Recently, Naja’atu, in a television interview, said the Buhari administration had been taken over by vested interests. She said Buhari was not the one governing Nigeria and sensationally went on to name some people she claimed were the real presidents of this country.
Naja’atu also condemned the selflessness of the Nigerian Army in the war it has been waging against terrorists and other criminal elements in virtually all the states of Nigeria. She singled out the Chief of Army Staff, General T.Y. Buratai, for mention, making all sorts of spurious claims.
A friend, with whom I monitored the radio programme, wondered whether Naja’atu’s education had taken leave of her at the time she was making those terribly-spurious claims; something even a small child, in this digital age, could discern to be false with the touch of a button.
It is unfair, for instance, to say that Buratai did not hold any combat position before being appointed to head the Nigerian Army as its 20th helmsman. It is obvious that President Buhari clearly selected the best, at the time he appointed Buratai as the 20th Chief of Army Staff. The Army chief served as the commander of the 2 Brigade in Port Harcourt, which he combined with another very sensitive position of commander of Sector 2 of the Joint Task Force’s Operation Pullo Shield. Buratai acquitted himself excellently in that assignment.

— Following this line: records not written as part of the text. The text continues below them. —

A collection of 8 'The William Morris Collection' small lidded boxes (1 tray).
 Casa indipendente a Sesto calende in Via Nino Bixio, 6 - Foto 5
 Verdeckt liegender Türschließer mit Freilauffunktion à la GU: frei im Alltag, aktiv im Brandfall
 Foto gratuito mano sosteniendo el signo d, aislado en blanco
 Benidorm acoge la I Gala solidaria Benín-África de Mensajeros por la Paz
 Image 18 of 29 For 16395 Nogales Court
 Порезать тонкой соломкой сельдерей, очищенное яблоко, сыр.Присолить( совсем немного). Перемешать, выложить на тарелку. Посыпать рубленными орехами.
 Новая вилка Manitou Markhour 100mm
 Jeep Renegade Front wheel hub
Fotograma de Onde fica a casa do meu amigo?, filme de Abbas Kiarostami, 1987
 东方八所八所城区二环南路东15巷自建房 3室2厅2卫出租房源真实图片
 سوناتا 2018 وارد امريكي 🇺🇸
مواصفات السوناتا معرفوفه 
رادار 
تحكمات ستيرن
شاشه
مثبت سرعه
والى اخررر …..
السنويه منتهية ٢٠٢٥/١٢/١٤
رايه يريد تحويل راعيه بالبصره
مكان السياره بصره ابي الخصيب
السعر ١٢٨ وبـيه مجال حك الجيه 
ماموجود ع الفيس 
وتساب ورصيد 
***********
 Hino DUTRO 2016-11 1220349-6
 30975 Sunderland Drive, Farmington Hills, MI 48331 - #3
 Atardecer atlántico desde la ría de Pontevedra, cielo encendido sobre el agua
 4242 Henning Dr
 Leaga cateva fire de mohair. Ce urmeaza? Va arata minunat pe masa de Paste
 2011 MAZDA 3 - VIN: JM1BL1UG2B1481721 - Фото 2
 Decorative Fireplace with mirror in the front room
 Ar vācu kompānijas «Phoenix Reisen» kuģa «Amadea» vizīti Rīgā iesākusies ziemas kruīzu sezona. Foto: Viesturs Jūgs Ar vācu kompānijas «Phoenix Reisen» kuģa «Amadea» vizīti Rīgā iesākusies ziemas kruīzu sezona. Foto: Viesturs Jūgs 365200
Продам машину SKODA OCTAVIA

You cannot, as a civilian, teach a man who acquitted himself very well as a respected general of the Nigerian Army and its commander-in-chief how to wage a guerrilla war or any other warfare. It is because President Buhari deeply knows what he is doing that he has taken the decision to retain the current service chiefs, especially Buratai. Naja’atu can never claim to be more patriotic than Buhari.
Whereas the Naja’atus of this world are always quick to condemn anything around the President, the fact remains that, if not for the sacrifice and complete professionalism of the officers and men of the Nigerian Army, Nigeria could by now have been totally overwhelmed by Boko Haram and other criminal elements, and Naja’atu would not have found the free and peaceful atmosphere to grant interview.
The Nigerian Army has succeeded in wiping out an overwhelming majority of the insurgents, and may have totally done so if not being over-stretched in fighting bandits, kidnappers, settling the Fulani herdsmen disputes and all sorts of criminalities in most corners of the federation.
President Buhari recently applauded the military for “demonstrating high sense of commitment in the discharge of its constitutional responsibilities.” The President was emphatic that the “contributions of the Nigerian Army, under the leadership of General Buratai, had made it possible for majority of the people of the Northeastern region to return to their ancestral homes, farmlands and to embark on fishing as well as other economic activities, which were not possible due to the activities of the insurgents in the past years.”
During the recent Armed Forces Remembrance Day, the Minister of Defence, General Mansur Dan-Ali, also saluted what he rightly called “the courage and resilience of officers and soldiers of the Nigerian Army in various operations across the country, despite attempts by some disgruntled elements to drag the army leadership’s reputation into the mud.”
Now, if the President of Nigeria, as well as the Minister of Defence, who are well-acquitted nationalists and tested war heroes, could bear testimony to the unprecedented strides of the Nigerian Army, that institution should never, not even for a moment, allow for itself the liberty of getting distracted by a woman who feels it is right to have one’s cake and still eat it.